== TASK DATA
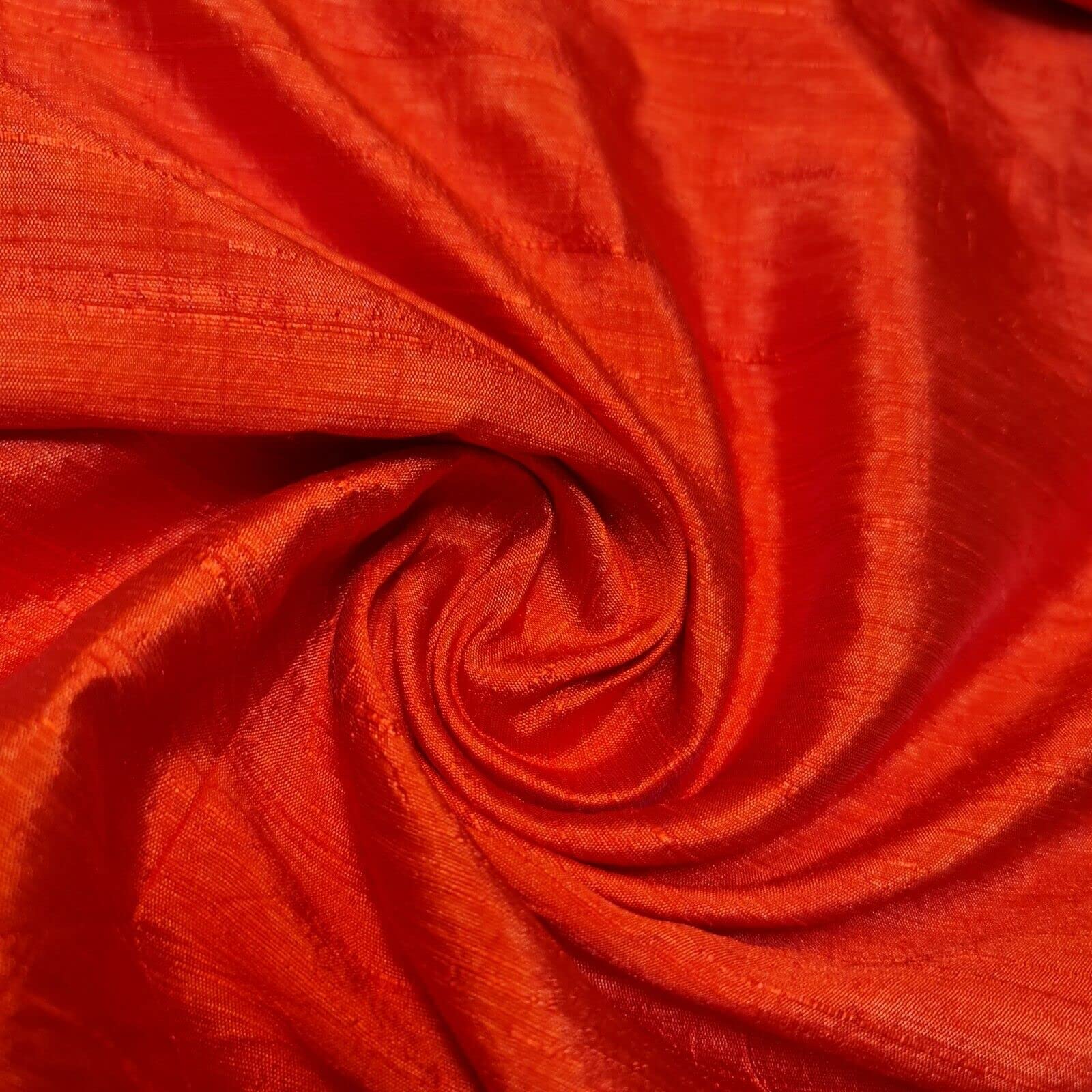 Plain Raw Silk Faux Dupion 100% Polyester Upholstery Fabric Bridal Material 44" (1 Meter, Orange)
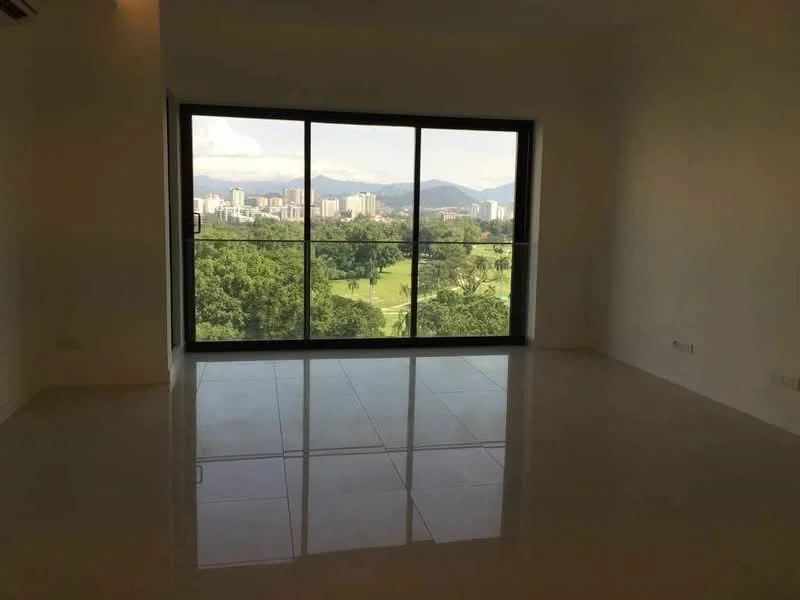 Room features: large floor-to-ceiling windows, white painted walls, glossy tile flooring, mountain view, city skyline view, air conditioning unit; style: modern; view: city.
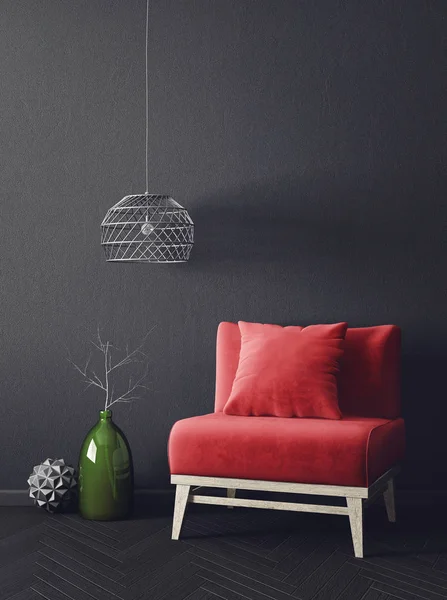 Modernes Wohnzimmer Mit Rotem Sessel Und Lampe — Stockfoto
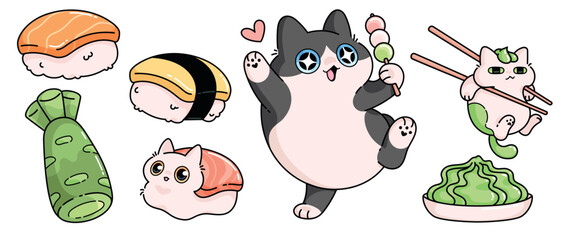 Kawaii Asian food cat stickers - cute kitties lying as rice for sushi with salmon on back, hanging on chopsticks with wasabi, enjoying rice ball dessert. Adorable Japanese cuisine mascots illustration © klyaksun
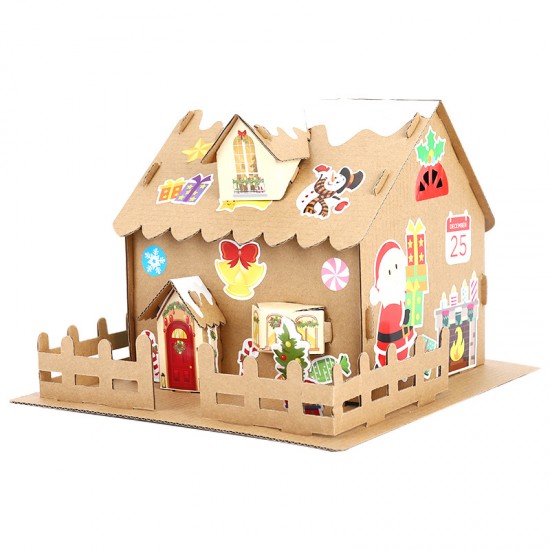 聖誕節紙質小屋  DIY聖誕節小屋 聖誕裝飾品 場景佈置 手工DIY聖誕裝飾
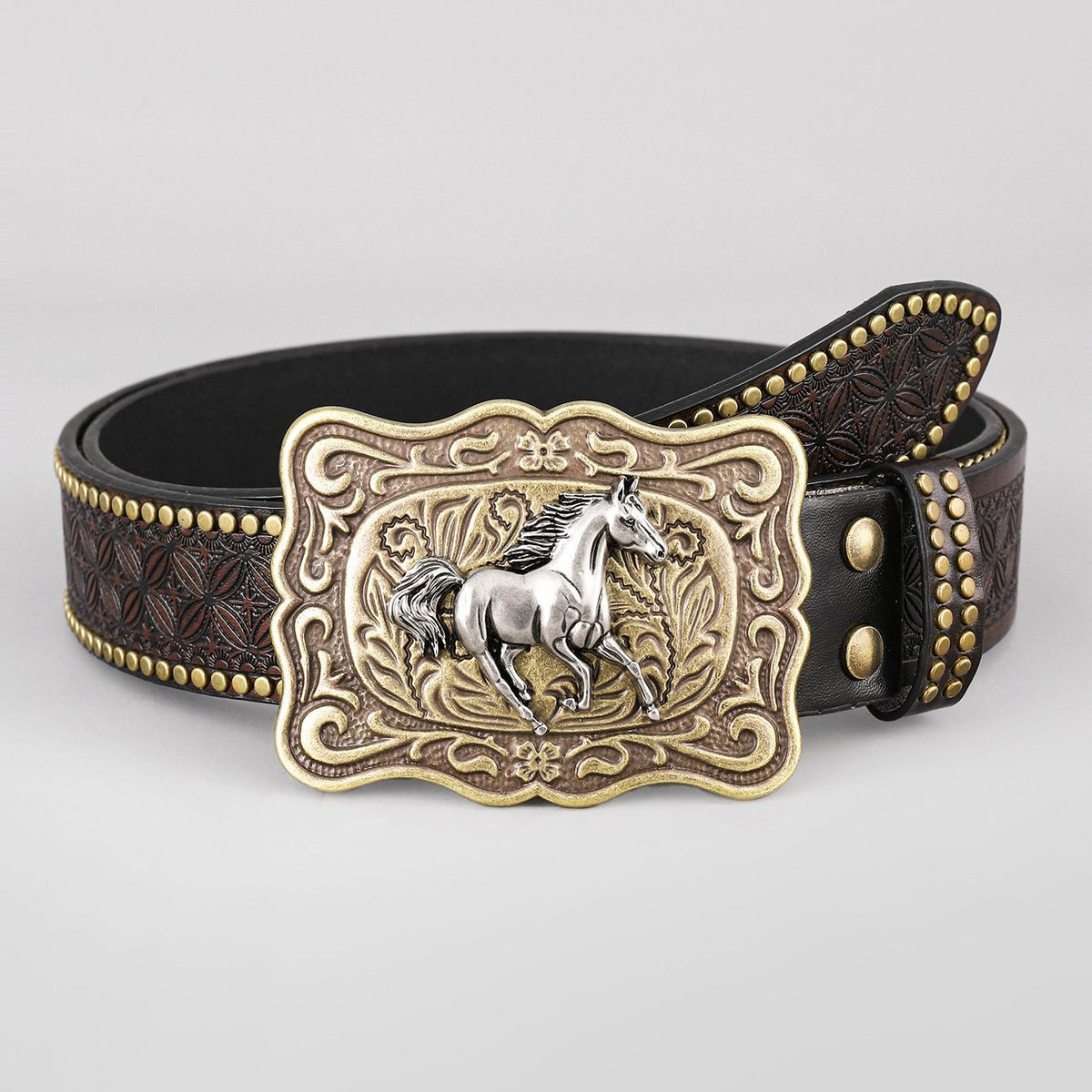 Western Cowboy Belt, Youth Punk Embossed Men's Studded Leather Belt, In-Stock Wholesale Ethnic Style Belt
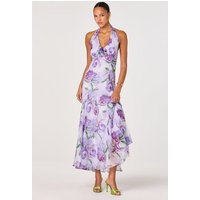 ASTR the Label | Yasmeen Floral Halter Godet Maxi Dress in Purple floral | Size XL | ASTR The Label (US)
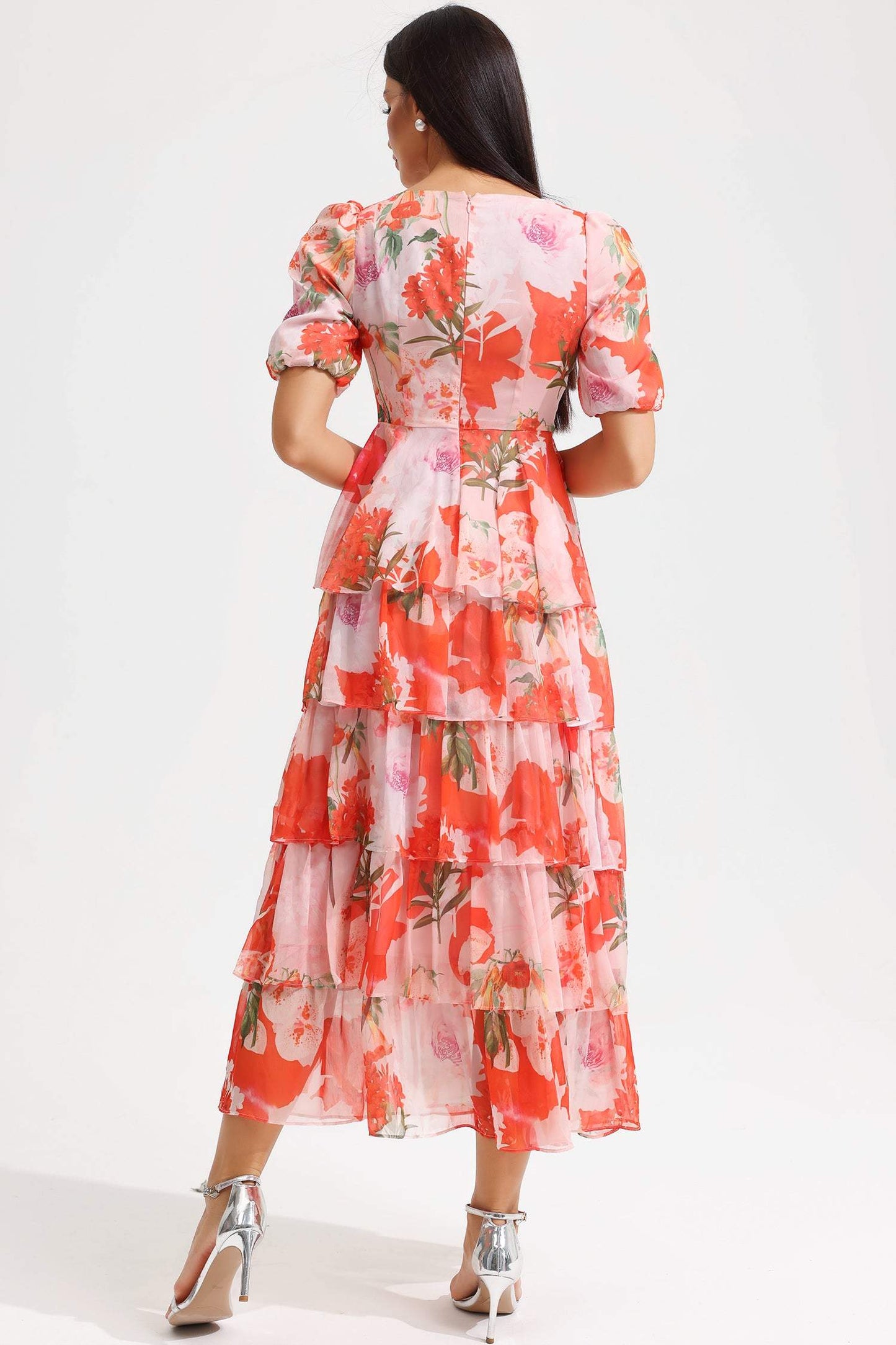 Floral Square Collar Lantern Sleeve Tapered Waist Midi Dress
====
→ **EXERCISE DESCRIPTION**:
Pictures in the records are to be left out; repeat everything else exactly.

→ **OUTPUT OF THE TASK**:
 Plain Raw Silk Faux Dupion 100% Polyester Upholstery Fabric Bridal Material 44" (1 Meter, Orange)
 Room features: large floor-to-ceiling windows, white painted walls, glossy tile flooring, mountain view, city skyline view, air conditioning unit; style: modern; view: city.
 Modernes Wohnzimmer Mit Rotem Sessel Und Lampe — Stockfoto
 Kawaii Asian food cat stickers - cute kitties lying as rice for sushi with salmon on back, hanging on chopsticks with wasabi, enjoying rice ball dessert. Adorable Japanese cuisine mascots illustration © klyaksun
 聖誕節紙質小屋  DIY聖誕節小屋 聖誕裝飾品 場景佈置 手工DIY聖誕裝飾
 Western Cowboy Belt, Youth Punk Embossed Men's Studded Leather Belt, In-Stock Wholesale Ethnic Style Belt
 ASTR the Label | Yasmeen Floral Halter Godet Maxi Dress in Purple floral | Size XL | ASTR The Label (US)
 Floral Square Collar Lantern Sleeve Tapered Waist Midi Dress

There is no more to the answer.